TASK GOAL ->
Starting from the line containing "Autumn And Rice", give again every line through the end of the entries, word for word. Pictures stay out of the copy.
==== DATASET EXCERPTS
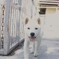犬その５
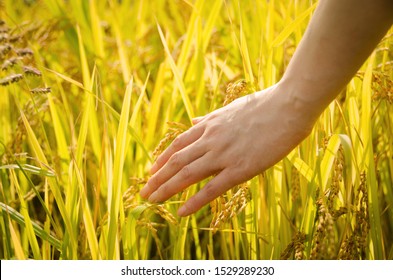 

September 26. 2019. Republic Of Korea.
Autumn And Rice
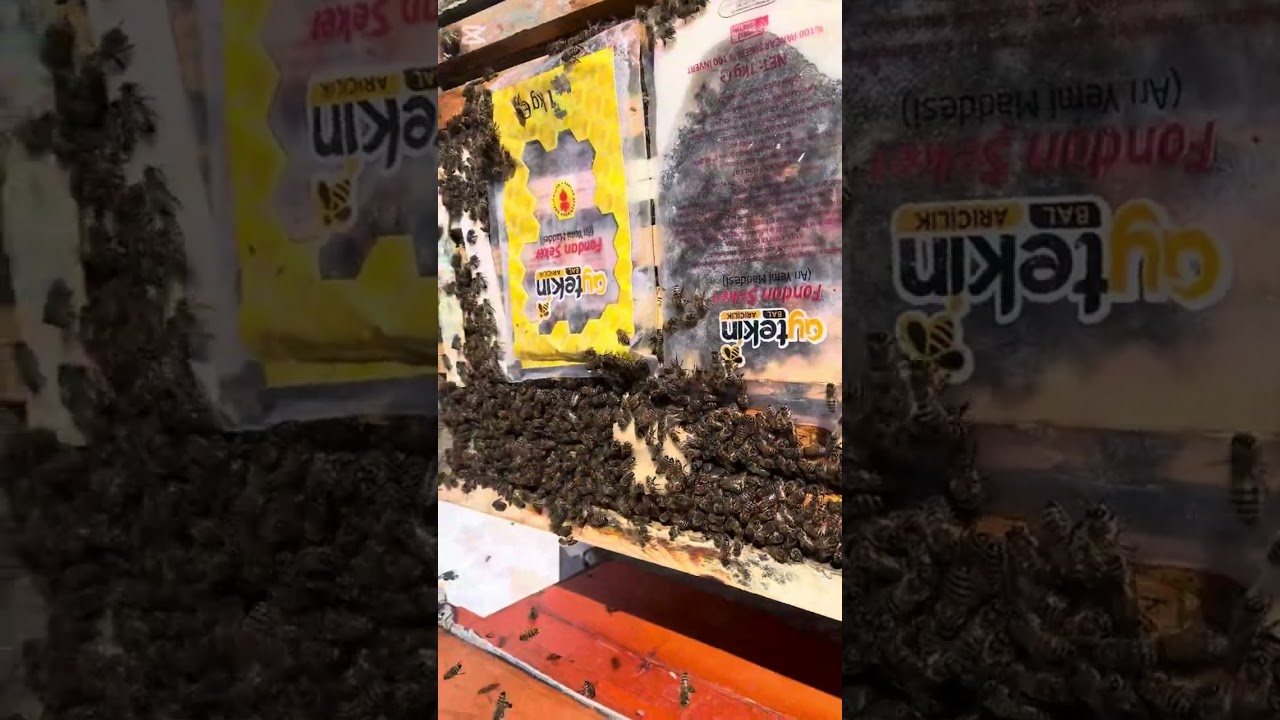 İRFAN NACAK ARISI SOĞUĞA DAYANIKLI MIDIR?  #irfannacak #arıcılık #arı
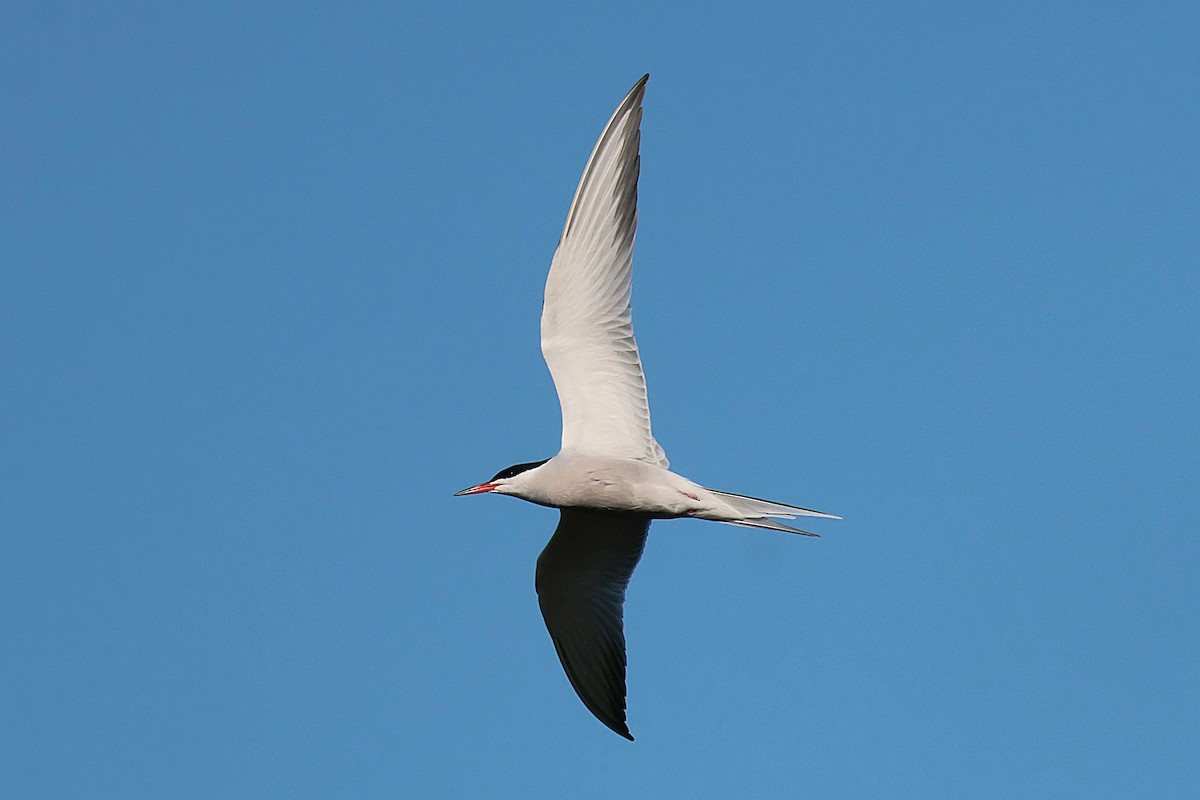 Common Tern - ML619982621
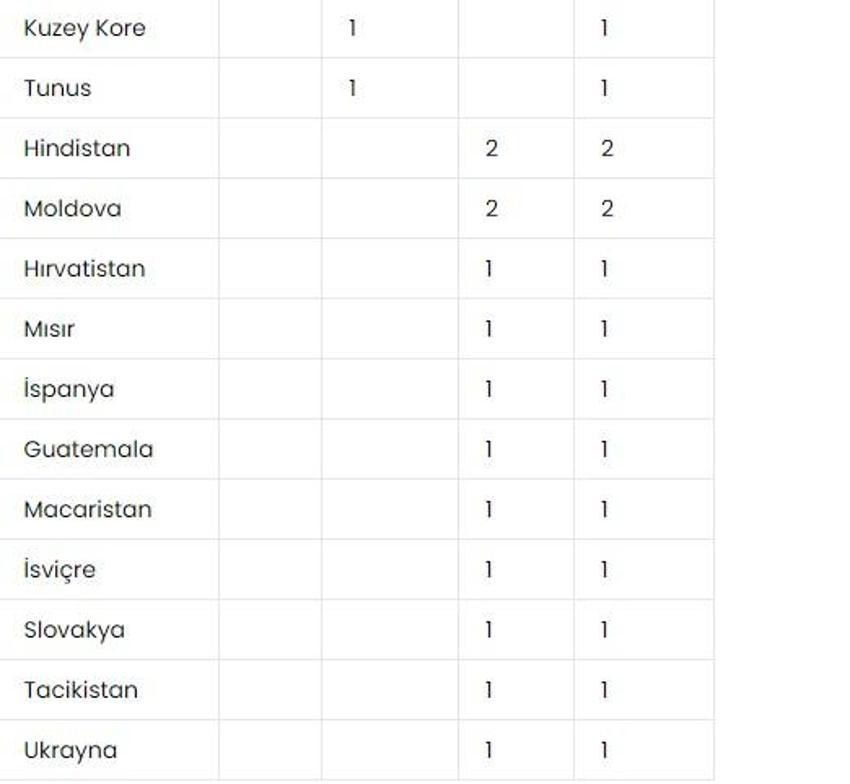 Paris Olimpiyatları 2024'te ülkeler sıralaması: Hangi ülke kaç altın, gümüş bronz madalya aldı? Paris 2024'te hangi ülke birinci oldu?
========
ANSWER AREA ->
Autumn And Rice
 İRFAN NACAK ARISI SOĞUĞA DAYANIKLI MIDIR?  #irfannacak #arıcılık #arı
 Common Tern - ML619982621
 Paris Olimpiyatları 2024'te ülkeler sıralaması: Hangi ülke kaç altın, gümüş bronz madalya aldı? Paris 2024'te hangi ülke birinci oldu?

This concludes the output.